WORK TO BE COMPLETED:
Transcribe the listing exactly as written. Leave the images out.

SUPPLIED DATA:
______

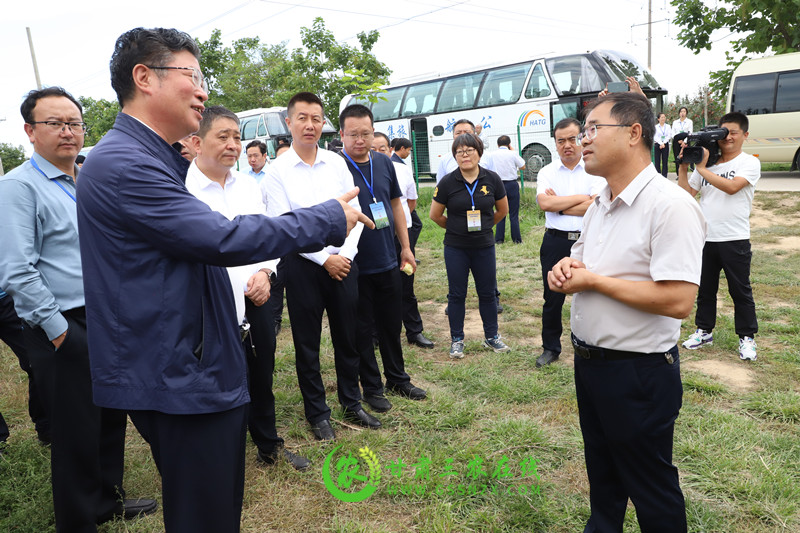 宁县“人类第四个苹果”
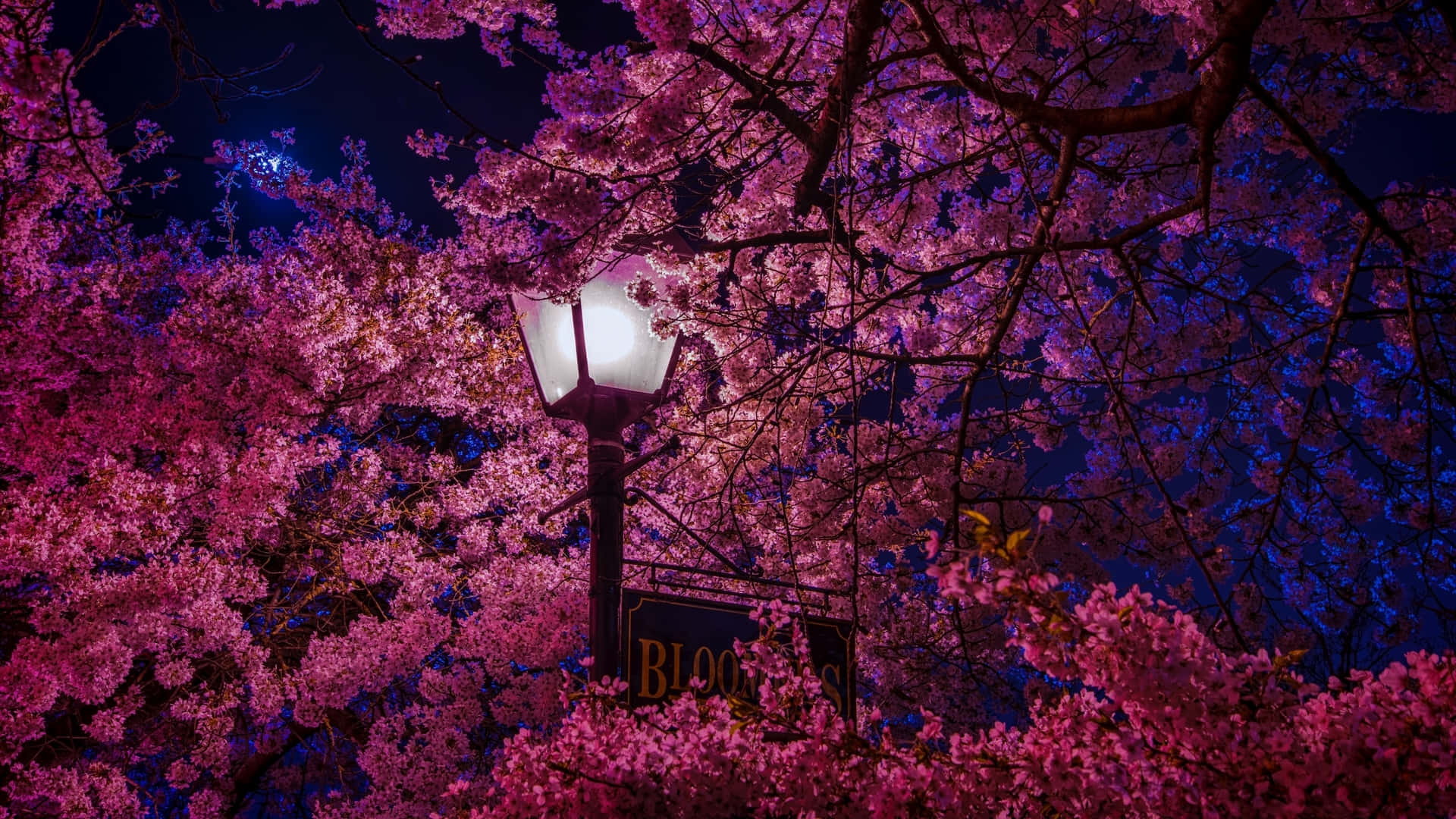 Nighttime Cherry Blossomsand Street Lamp, glowing streetlamp, vibrant pink cherry blossoms, Full HD Desktop Wallpaper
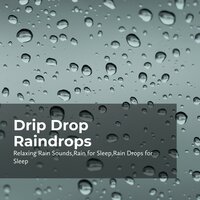 Crystalline Raindrops - Relaxing Rain Sounds & Rain Drops for Sleep & Rain for Sleep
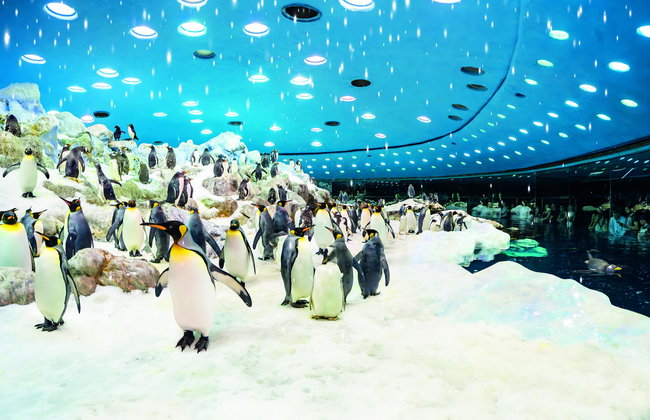 Loro Parque - Photo 4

______

RESULT:
 宁县“人类第四个苹果”
 Nighttime Cherry Blossomsand Street Lamp, glowing streetlamp, vibrant pink cherry blossoms, Full HD Desktop Wallpaper
 Crystalline Raindrops - Relaxing Rain Sounds & Rain Drops for Sleep & Rain for Sleep
 Loro Parque - Photo 4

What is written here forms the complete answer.